The Classical selections are from Plato, Aristotle, and Plotinus.
Plato
Plato explored two fundamental aspects of imitation in Book X of the Republic. The first topic concerns the nature of imitation itself. Plato approached this point analytically and logically.
The analysis of imitation as a concept results in a threefold distinction in reality. The singular form is original, so whatever follows from it is imitation. But "imitation" itself requires a distinction. Given the existence of anything, an observer can discern both its unity or commonality as a type or kind of thing, and its diversity as a multiple instance of that thing. Each bed and tree is at least numerically distinct. Yet all beds are identifiable as beds and are different from trees. Logically, Plato argues, there must be a single ideal form that accounts for the unity. Try to imagine two such forms. This argument assigns priority to the single form, which must come first logically.

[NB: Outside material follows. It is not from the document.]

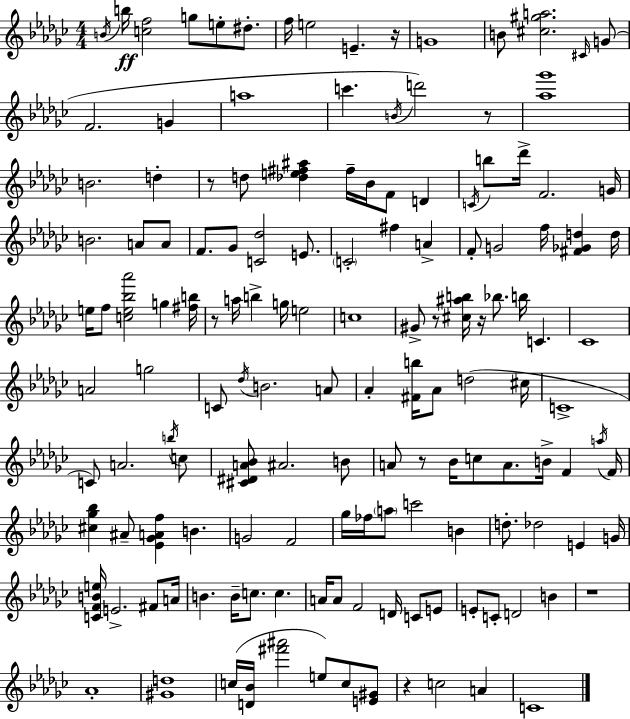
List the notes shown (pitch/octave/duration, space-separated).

B4/s B5/s [C5,F5]/h G5/e E5/e D#5/e. F5/s E5/h E4/q. R/s G4/w B4/e [C#5,G#5,A5]/h. C#4/s G4/e F4/h. G4/q A5/w C6/q. B4/s D6/h R/e [Ab5,Gb6]/w B4/h. D5/q R/e D5/e [Db5,E5,F#5,A#5]/q F#5/s Bb4/s F4/e D4/q C4/s B5/e Db6/s F4/h. G4/s B4/h. A4/e A4/e F4/e. Gb4/e [C4,Db5]/h E4/e. C4/h F#5/q A4/q F4/e G4/h F5/s [F#4,Gb4,D5]/q D5/s E5/s F5/e [C5,E5,Bb5,Ab6]/h G5/q [F#5,B5]/s R/e A5/s B5/q G5/s E5/h C5/w G#4/e R/e [C#5,A#5,B5]/s R/s Bb5/e. B5/s C4/q. CES4/w A4/h G5/h C4/e Db5/s B4/h. A4/e Ab4/q [F#4,B5]/s Ab4/e D5/h C#5/s C4/w C4/e A4/h. B5/s C5/e [C#4,D#4,A4,Bb4]/e A#4/h. B4/e A4/e R/e Bb4/s C5/e A4/e. B4/s F4/q A5/s F4/s [C#5,Gb5,Bb5]/q A#4/e [Eb4,Gb4,A4,F5]/q B4/q. G4/h F4/h Gb5/s FES5/s A5/e C6/h B4/q D5/e. Db5/h E4/q G4/s [C4,F4,B4,E5]/s E4/h. F#4/e A4/s B4/q. B4/s C5/e. C5/q. A4/s A4/e F4/h D4/s C4/e E4/e E4/e C4/e D4/h B4/q R/w Ab4/w [G#4,D5]/w C5/s [D4,Bb4]/s [F#6,A#6]/h E5/e C5/e [E4,G#4]/e R/q C5/h A4/q C4/w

The bed that can be slept in differs from the bed made by holding up a mirror. So if the actual beds are imitations, then images and pictures in turn imitate them. Images and pictures are only imitations of imitations. But the concept of imitation that has emerged is dialectical. "Dialectical" means that we know something in relation to something else; the term designates the relation. The chair in which I sit is at once an imitation in relation to its form and an original in relation to a picture. When the term "imitation" is applied to some thing, it establishes a hierarchy of forms. Within that concrete world, a secondary class of objects depends on already existing things and thus forms a class of imitations of imitations.
Plato distinguished in a fundamental way between appearance and reality. The reality that he is exploring at this point is between the first- and second-order imitations. Second-order imitations appear to be like first-order imitations and may even be taken for them. Classical literature is full of stories of paintings so like their subjects that they deceive animals and even other painters. Such effects are obviously only one mode of painting, but they illustrate in the strongest way the inherent deception involved in making one thing in an imitative relation with another. Once a fundamental hierarchy is established, the more levels of imitation that intervene, the farther the last imitation is from the original.